Klimaschutz
Land Hessen unterstützt Kommunen bei Klimaanpassung
324 Kommunen können mit „Fließpfadkarten“ jetzt besser die Folgen von Starkregenereignissen einschätzen
Wiesbaden/Homberg (Efze) – Eben noch schönstes Wetter, plötzlich steht alles unter Wasser – Starkregen kommt unerwartet und schnell, und er kann überall auftreten. Auch in Hessen waren schon viele Gemeinden betroffen. Das Hessische Ministerium für Landwirtschaft und Umwelt, Weinbau, Forsten, Jagd und Heimat (HMLU) hat deswegen gemeinsam mit dem Hessischen Landesamt für Naturschutz, Umwelt und Geologie (HLNUG) Kommunen unterstützt, sogenannte „Fließpfadkarten“ zu erstellen. Insgesamt 321 Kommunen haben solche Karten bekommen, nun wurden die letzten drei an die Gemeinden Knüllwald, Homberg (Efze) und Schrecksbach übergeben. Damit sind alle Kommunen in Hessen, die einen Antrag auf eine Fließpfadkarte gestellt hatten, nun mit einem solchen Instrument ausgestattet.
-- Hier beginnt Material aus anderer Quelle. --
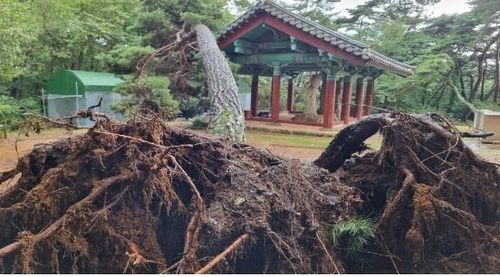 경주 배동 석조여래삼존입상 피해 모습ⓒ연합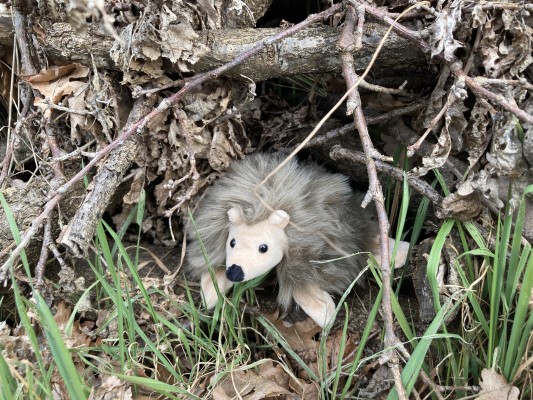 A Winter Shelter for Hedgehog Igor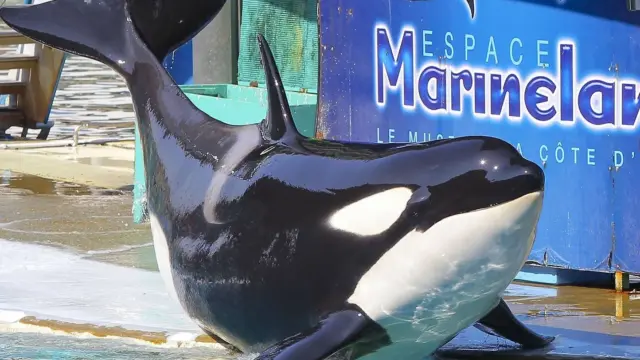 La France veut transférer en urgence les orques du Marineland vers un parc espagnolLa France veut transférer en urgence les orques du Marineland vers un parc espagnol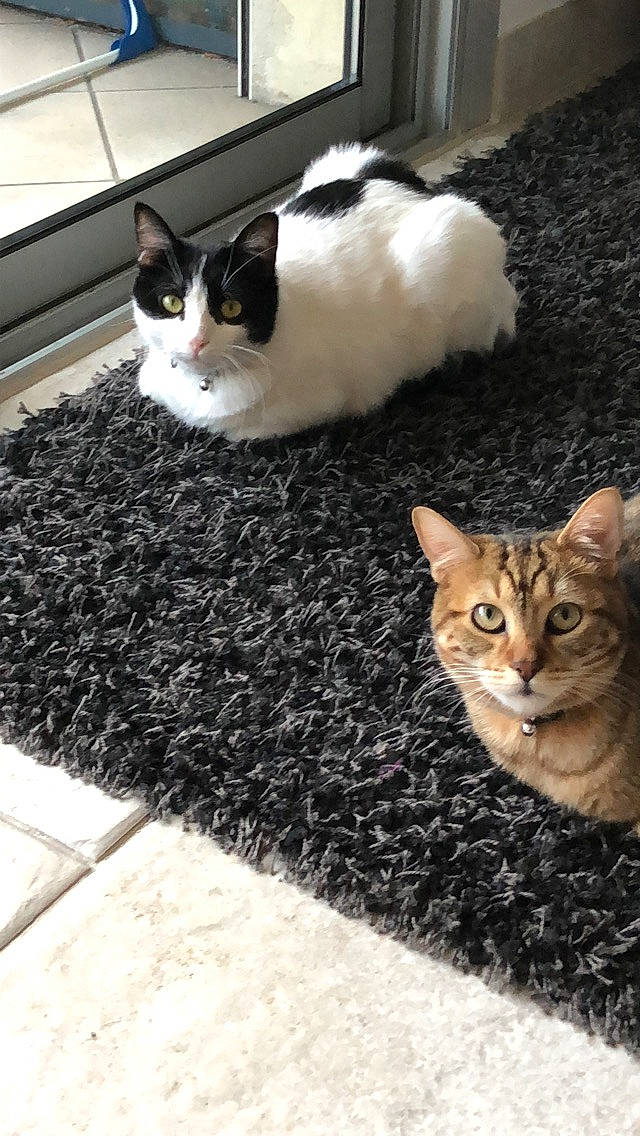 Luffy participe au concours pour gagner de l'argent avec cette photo : aegean_cat, american_wirehair, asian, carnivore, cat, domestic_short_haired_cat, european_shorthair, felidae, floor, flooring, fur, kitten, mammal, polydactyl_cat, small_to_medium_sized_cats, whiskers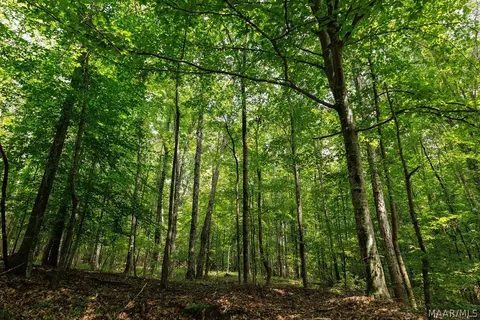 0 Mt Hebron Rd, Eclectic, AL 36024 photo 5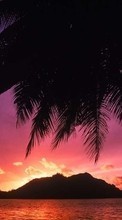 New mobile wallpapers - free download. Landscape, Sunset, Sea, Palms picture and image for mobile phones.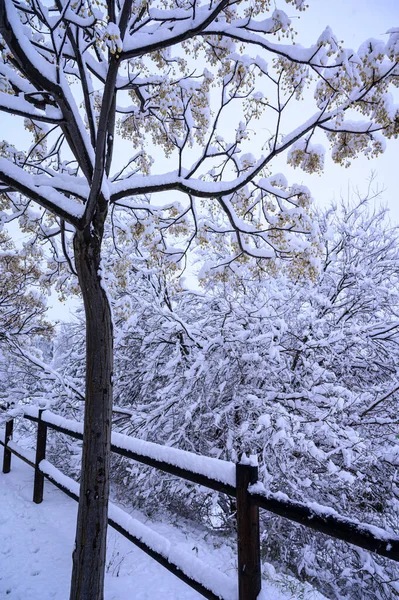 Vertikal Bild Trästaket Och Snötäckta Tallar Vintern — Stockfoto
„Unwetterartige Regenfälle können dramatische Auswirkungen haben“, erklärte Umweltminister Ingmar Jung. „Wir stärken gemeinsam mit den Kommunen den Hochwasserschutz und die Vorsorge bei Extremwetterereignissen. Mit den Fließpfadkarten ermöglichen wir den Kommunen unbürokratisch und risikoorientiert eine umfassende Prävention. Für Kommunen, die sich noch umfassender mit der Gefahr von Starkregen befassen wollen, fördern wir zusätzlich über die Klima-Richtlinie detailliertere Starkregengefahrenkarten“.
„Der Schutz vor Schäden durch Starkregen wird mit voranschreitendem Klimawandel immer wichtiger“, sagte Prof. Dr. Thomas Schmid, Präsident des HLNUG, „denn je wärmer es wird, desto häufiger und heftiger werden Starkregenereignisse auch bei uns in Hessen. Anpassung an den Klimawandel ist nicht optional, sondern zwingend erforderlich – es geht schlichtweg um unsere Sicherheit und unseren Schutz.“
Fließpfadkarten als Grundlage für zukünftige Maßnahmen
„Die Fließpfadkarten sind ein sehr wichtiger Baustein der zukünftigen Präventionsmaßnahmen für steigende Starkregenereignisse. Gerade für eine Flächengemeinde wie Knüllwald lassen sich viele Informationen aus den Karten ableiten und Maßnahmen entwickeln“, so der Bürgermeister von Knüllwald, Andreas Koch.
„Für die Gemeinde Schrecksbach ist die Erstellung der Fließpfadkarte der erste Schritt zur besseren Vorbereitung auf Starkregenereignisse. Sie dient als Grundlage für einen entsprechenden Maßnahmenkatalog, der sukzessive umgesetzt werden soll,“ kündigt der Schrecksbacher Bürgermeister Andreas Schultheis an.
„Wir arbeiten in Homberg (Efze) schon seit den 90-ziger Jahren erfolgreich für den Homberger Hochwasserschutz. Starkregenereignisse finden auch bei uns immer häufiger statt. Die Fließpfadkarten ermöglichen uns zukünftig bessere Starkregenrisikoanalysen, und dafür sind wir dem Land Hessen sehr dankbar. Aktuell sind wir bemüht, Förderanträge für Starkregenrisikokarten zu stellen und freuen uns auf die weitere gute Zusammenarbeit“, sagt Hombergs Bürgermeister Dr. Nico Ritz.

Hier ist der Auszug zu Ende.